Michael Brown did not die because he robbed a convenience store. The college bound youth was not killed because the officer felt a serious threat from this unarmed teenager. Michael Brown was shot multiple times and killed by a police officer because he was the latest victim of institutional racism in America. And just as Brown was a victim, so were those folks who were rioting and looting. For as much as some want to brand them criminals, those looting resorted to the only means of expression they had left. It was clear the Ferguson police have been operating in rogue mode for some time and the political leadership of the city had endorsed its behavior. As crazy as it might appear to those outside Ferguson, the only recourse many in the community believed they had at that moment was the violent act of destroying property. Yes, in their own community but they were isolated at that moment as they have been on a daily basis. Rebellion is often a rational response to oppression.

“Michael Brown was shot multiple times and killed by a police officer because he was the latest victim of institutional racism in America.”

What disturbs me are newspaper articles and television news programming in which great pains are taken to cast doubt on the character of Michael Brown and to focus on the few days of violent outbreaks in the aftermath of his killing.

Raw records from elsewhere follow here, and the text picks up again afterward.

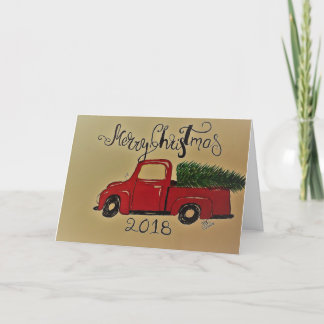 Cartes Pour Fêtes Annuelles Joyeux Noël 2018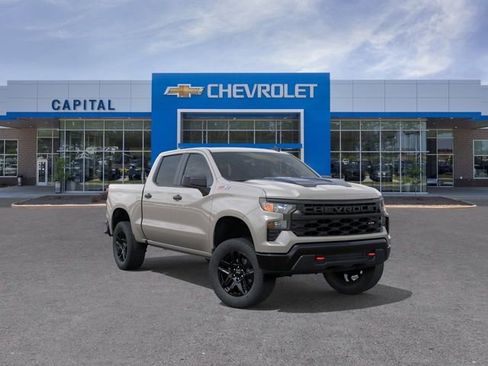 New 2026 Chevrolet Silverado 1500 Custom Trail Boss AWD/4WD image 1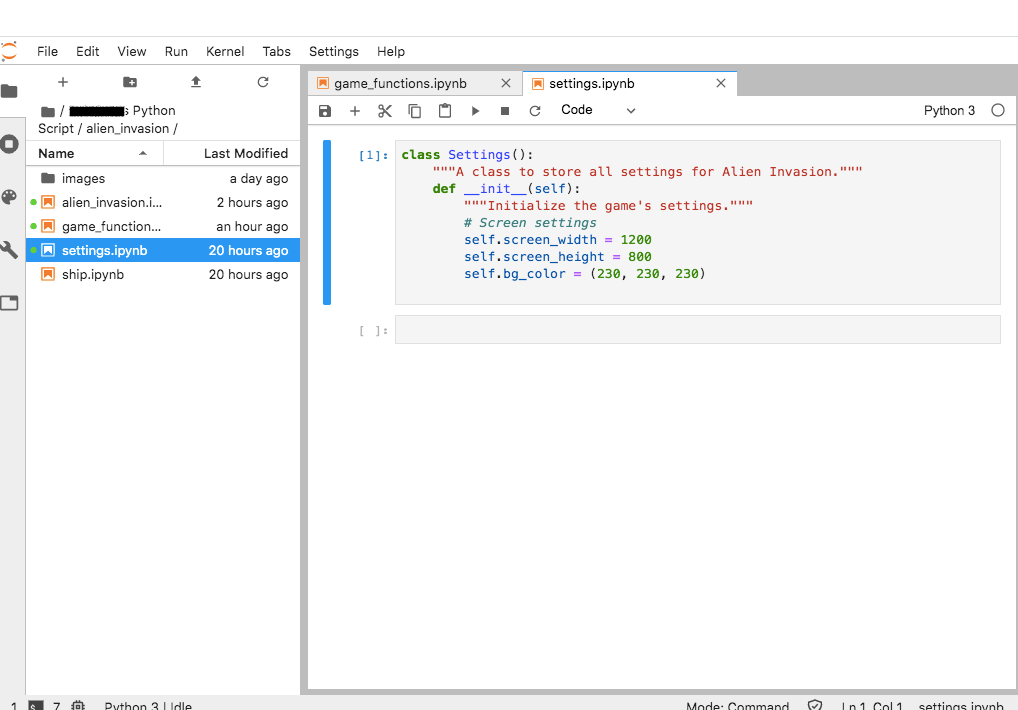python Importing module in jupyterlab notebook Stack Overflow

There is an effort to create an ‘equivalent’ to the violence of the police officer Darren Wilson who took Brown’s life as if to suggest the officer might have been justified in using deadly force. The media, with a few exceptions, has also been shameful in the laziness it has exhibited in its reporting, focusing on ‘riots’ absent the context of Black life in Ferguson.

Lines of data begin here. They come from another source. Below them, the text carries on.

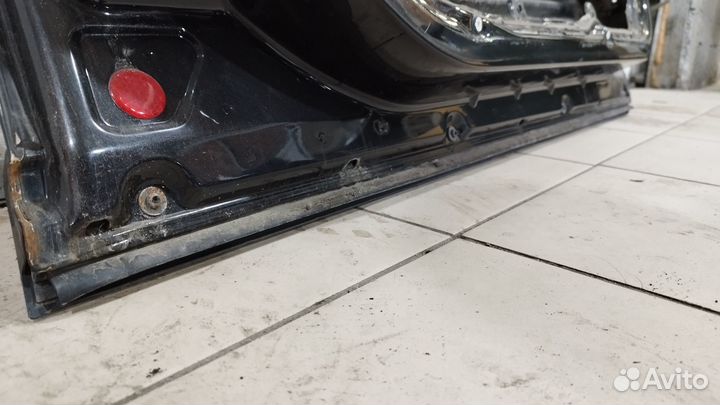 Дверь Skoda Superb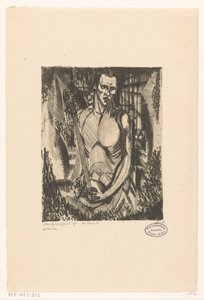 Musiker von Lodewijk Schelfhout (signed by artist)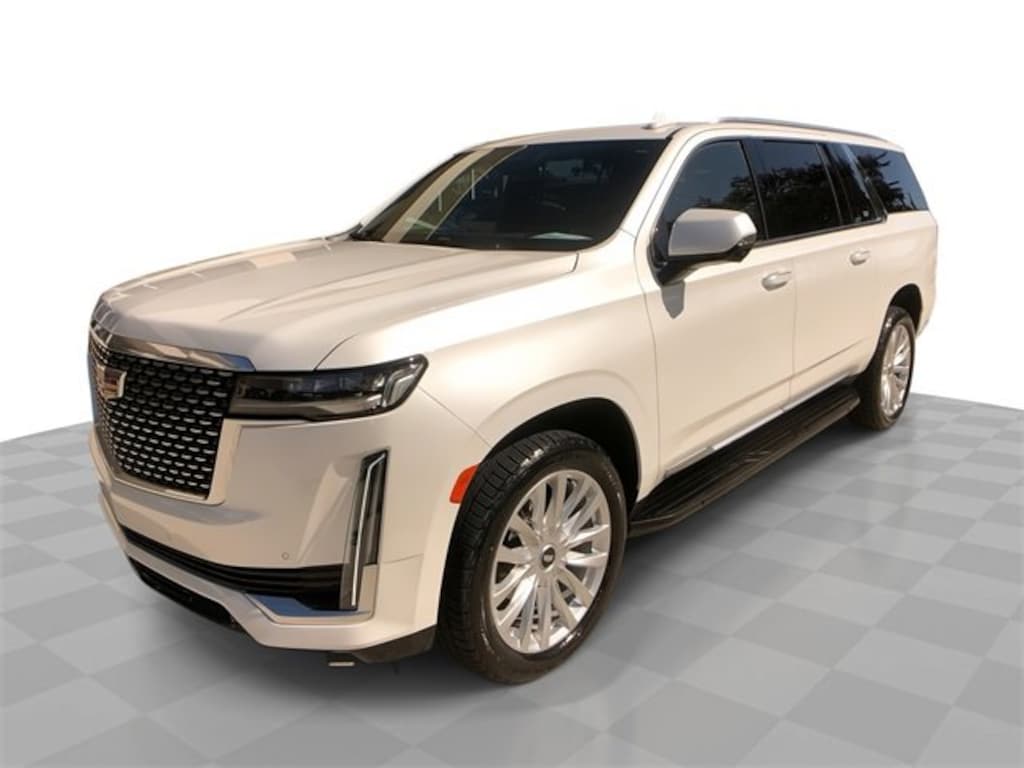 Certified 2024 CADILLAC Escalade ESV Luxury SUV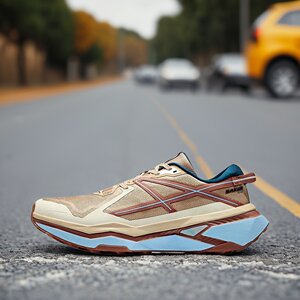 
ANTA Falcon 2 running shoes men's professional shock-absorbing non-slip outdoor sports shoes lace-up 112445502A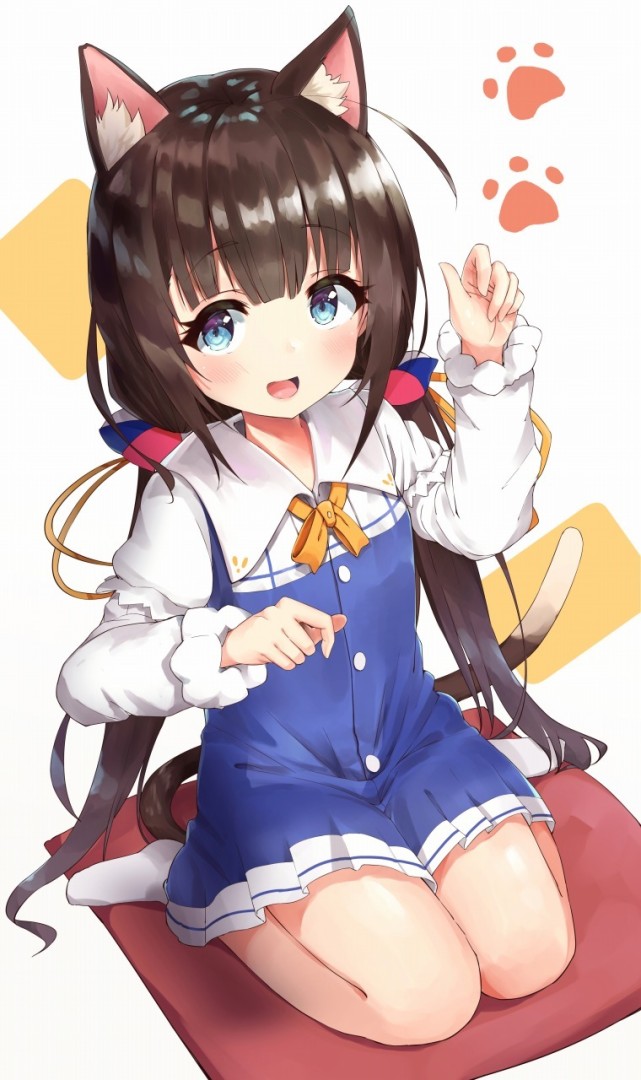 爱酱超可爱龙王的工作雏鹤爱壁纸特辑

Equally troubling is the sense that some in the media feel obligated to raise the issue of ‘black on black’ crime in reporting on the killing of Michael Brown. Intra-group violence is being used as a red herring to evade the more critical analysis of policing in our nation. I have read far too many online posts that suggest Black people should be as concerned with violence within our community as we are with police shootings of young Black men. It’s an insulting suggestion given how many communities across the nation have been vocal on the issue of Black violence and how many programs and marches have been held focused on that issue. Yet, as if to gain permission to address police violence, many feel it necessary to talk about violence between African-Americans. In his forceful eulogy of Michael Brown on Monday, Rev. Sharpton also took this approach and condemned ‘black on black’ violence. No one lectured the white community on intra-group violence after the Columbine and Newtown massacres, or suggested that those acts of violence take a back seat until ‘white on white’ crime is addressed. The fact is that most people are murdered by someone known to the victim, and that someone more often than not looks like the victim. Black on black crime did not kill Michael Brown or place fear in the heart of Officer Wilson when he encountered the young man. Institutional racism was the force that compelled the shooting of the unarmed Brown.

We must be forcefully and painfully truthful about the killing of Black men by police. At the same time we must keep the focus on policing and not allow the distraction of our outrage or intra-group conflict be used to justify police brutality. On that point Rev. Sharpton got it right in the pulpit on Monday. It’s time to address policing in America.